(Problem statement) Everything from the line containing "Дамска тениска Answear" through the line containing "Handmade Burgundy Plume Hair Clip" should be repeated exactly, and nothing else from the data.

---

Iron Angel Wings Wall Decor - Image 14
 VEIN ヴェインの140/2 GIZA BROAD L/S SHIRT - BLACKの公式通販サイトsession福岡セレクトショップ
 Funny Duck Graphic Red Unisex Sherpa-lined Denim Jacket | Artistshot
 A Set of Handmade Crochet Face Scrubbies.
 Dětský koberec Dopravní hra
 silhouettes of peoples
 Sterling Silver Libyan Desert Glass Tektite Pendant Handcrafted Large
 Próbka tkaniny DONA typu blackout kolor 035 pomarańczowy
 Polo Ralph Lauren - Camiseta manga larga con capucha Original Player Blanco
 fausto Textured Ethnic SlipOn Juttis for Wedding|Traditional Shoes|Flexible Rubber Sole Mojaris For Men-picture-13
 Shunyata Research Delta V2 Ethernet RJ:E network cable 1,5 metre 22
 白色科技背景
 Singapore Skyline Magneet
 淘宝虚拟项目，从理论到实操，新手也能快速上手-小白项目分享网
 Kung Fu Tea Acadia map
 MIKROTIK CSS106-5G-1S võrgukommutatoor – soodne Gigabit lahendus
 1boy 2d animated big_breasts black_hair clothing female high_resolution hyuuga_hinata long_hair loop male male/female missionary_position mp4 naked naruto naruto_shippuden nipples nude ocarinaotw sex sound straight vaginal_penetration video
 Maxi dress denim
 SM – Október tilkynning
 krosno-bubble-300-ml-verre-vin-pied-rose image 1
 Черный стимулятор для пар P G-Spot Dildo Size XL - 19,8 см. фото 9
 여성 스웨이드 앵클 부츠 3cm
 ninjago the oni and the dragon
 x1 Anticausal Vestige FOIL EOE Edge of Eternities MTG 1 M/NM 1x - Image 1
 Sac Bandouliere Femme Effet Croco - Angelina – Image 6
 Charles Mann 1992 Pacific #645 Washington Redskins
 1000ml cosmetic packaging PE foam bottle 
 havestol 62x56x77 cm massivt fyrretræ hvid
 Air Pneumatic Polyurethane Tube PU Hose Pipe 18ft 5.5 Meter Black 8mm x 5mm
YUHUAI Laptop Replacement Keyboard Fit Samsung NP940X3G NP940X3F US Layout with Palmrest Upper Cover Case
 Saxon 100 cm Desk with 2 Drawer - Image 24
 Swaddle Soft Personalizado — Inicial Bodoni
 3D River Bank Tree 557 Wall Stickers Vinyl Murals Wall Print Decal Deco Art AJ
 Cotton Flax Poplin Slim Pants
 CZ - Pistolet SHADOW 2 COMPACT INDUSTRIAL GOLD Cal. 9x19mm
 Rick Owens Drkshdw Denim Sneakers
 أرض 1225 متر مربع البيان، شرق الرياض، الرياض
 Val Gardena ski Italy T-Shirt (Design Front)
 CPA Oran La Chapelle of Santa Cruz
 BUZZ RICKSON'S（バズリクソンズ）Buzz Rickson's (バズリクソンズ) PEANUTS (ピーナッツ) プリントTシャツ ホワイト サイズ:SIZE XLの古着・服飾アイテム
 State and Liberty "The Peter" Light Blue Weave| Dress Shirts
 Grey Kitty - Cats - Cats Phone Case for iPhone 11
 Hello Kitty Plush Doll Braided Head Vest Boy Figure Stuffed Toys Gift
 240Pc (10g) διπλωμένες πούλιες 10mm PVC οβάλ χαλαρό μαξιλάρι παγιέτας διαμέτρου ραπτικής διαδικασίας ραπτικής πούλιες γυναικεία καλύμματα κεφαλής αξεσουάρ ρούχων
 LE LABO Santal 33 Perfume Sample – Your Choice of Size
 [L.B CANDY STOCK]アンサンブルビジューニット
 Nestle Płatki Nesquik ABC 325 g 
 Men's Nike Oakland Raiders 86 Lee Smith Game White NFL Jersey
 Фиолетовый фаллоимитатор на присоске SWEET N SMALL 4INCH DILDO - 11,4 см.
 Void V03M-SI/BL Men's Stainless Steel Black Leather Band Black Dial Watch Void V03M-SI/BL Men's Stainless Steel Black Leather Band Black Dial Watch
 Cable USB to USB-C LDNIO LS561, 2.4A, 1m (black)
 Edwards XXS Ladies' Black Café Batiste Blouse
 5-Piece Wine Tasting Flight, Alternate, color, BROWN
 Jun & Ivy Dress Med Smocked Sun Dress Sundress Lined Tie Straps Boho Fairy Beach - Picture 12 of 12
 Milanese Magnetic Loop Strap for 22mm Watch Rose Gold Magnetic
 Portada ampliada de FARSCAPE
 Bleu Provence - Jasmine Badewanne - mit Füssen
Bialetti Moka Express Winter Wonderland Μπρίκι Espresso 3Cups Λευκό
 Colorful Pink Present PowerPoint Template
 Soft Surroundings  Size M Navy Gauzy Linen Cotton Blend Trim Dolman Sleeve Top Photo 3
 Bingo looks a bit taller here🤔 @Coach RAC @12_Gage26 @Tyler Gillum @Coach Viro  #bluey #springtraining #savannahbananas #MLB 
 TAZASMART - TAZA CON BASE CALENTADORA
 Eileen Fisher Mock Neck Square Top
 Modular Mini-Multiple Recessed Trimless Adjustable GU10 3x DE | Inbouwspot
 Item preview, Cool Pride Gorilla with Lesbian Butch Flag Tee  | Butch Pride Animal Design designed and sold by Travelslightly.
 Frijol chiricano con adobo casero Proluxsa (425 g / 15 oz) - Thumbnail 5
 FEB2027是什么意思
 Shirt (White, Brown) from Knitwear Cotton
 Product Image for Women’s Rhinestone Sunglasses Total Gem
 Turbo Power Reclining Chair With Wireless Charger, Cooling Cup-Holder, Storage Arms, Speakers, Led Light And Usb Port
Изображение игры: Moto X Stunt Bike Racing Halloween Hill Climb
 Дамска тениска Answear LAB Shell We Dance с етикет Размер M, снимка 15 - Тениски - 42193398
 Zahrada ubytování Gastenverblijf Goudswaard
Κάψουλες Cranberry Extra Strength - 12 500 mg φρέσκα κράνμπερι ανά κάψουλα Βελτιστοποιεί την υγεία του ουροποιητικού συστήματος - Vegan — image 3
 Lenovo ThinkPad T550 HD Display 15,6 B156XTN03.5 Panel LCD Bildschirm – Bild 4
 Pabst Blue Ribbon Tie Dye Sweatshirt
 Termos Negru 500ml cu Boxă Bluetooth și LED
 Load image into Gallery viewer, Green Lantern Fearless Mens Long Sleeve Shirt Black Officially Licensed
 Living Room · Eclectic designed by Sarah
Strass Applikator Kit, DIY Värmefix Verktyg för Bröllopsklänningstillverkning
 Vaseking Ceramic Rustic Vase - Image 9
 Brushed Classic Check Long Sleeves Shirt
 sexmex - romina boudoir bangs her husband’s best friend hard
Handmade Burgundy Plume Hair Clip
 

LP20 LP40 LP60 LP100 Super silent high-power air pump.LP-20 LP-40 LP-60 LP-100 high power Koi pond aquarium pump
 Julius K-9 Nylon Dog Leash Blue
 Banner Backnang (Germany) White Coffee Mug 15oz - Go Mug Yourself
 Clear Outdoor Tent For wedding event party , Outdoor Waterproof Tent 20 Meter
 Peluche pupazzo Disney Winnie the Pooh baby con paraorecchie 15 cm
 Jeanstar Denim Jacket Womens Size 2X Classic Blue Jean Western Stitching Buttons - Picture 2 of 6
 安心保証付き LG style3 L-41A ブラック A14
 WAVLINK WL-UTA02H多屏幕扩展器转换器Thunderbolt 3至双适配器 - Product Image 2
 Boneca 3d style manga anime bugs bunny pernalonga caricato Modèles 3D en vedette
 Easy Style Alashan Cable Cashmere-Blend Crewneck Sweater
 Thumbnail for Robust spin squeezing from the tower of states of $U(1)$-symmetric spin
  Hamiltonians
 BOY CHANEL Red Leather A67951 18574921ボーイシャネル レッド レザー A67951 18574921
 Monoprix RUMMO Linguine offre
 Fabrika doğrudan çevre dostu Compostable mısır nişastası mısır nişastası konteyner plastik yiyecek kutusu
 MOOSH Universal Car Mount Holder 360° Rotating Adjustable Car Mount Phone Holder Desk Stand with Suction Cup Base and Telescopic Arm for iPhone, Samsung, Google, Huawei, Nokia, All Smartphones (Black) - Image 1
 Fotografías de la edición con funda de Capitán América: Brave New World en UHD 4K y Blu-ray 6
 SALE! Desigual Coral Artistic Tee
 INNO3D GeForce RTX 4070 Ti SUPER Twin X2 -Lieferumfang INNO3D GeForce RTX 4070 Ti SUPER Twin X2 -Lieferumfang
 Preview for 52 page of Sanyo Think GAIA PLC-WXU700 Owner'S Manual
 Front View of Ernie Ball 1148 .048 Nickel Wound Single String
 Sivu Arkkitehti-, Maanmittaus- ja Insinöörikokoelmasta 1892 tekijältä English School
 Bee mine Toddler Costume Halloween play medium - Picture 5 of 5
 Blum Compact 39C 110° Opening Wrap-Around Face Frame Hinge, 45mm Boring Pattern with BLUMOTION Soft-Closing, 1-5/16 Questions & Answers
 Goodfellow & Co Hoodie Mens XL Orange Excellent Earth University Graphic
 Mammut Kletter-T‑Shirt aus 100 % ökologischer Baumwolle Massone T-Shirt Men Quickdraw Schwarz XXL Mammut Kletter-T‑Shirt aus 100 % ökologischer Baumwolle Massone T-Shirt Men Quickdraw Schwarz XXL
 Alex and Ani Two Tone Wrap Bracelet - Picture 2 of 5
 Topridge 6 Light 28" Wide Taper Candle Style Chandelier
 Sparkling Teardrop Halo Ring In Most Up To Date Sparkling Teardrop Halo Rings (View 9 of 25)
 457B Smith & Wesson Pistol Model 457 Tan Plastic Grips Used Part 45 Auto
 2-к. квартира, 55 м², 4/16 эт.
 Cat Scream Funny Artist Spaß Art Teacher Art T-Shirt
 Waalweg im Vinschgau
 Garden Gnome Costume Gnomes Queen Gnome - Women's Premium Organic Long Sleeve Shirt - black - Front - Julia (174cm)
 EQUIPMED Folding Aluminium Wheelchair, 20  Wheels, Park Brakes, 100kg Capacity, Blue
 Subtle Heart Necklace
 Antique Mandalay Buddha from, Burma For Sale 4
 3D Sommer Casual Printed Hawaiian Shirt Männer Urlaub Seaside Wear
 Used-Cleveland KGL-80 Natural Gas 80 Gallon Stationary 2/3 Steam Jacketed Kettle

---

(Response area)
 Дамска тениска Answear LAB Shell We Dance с етикет Размер M, снимка 15 - Тениски - 42193398
 Zahrada ubytování Gastenverblijf Goudswaard
Κάψουλες Cranberry Extra Strength - 12 500 mg φρέσκα κράνμπερι ανά κάψουλα Βελτιστοποιεί την υγεία του ουροποιητικού συστήματος - Vegan — image 3
 Lenovo ThinkPad T550 HD Display 15,6 B156XTN03.5 Panel LCD Bildschirm – Bild 4
 Pabst Blue Ribbon Tie Dye Sweatshirt
 Termos Negru 500ml cu Boxă Bluetooth și LED
 Load image into Gallery viewer, Green Lantern Fearless Mens Long Sleeve Shirt Black Officially Licensed
 Living Room · Eclectic designed by Sarah
Strass Applikator Kit, DIY Värmefix Verktyg för Bröllopsklänningstillverkning
 Vaseking Ceramic Rustic Vase - Image 9
 Brushed Classic Check Long Sleeves Shirt
 sexmex - romina boudoir bangs her husband’s best friend hard
Handmade Burgundy Plume Hair Clip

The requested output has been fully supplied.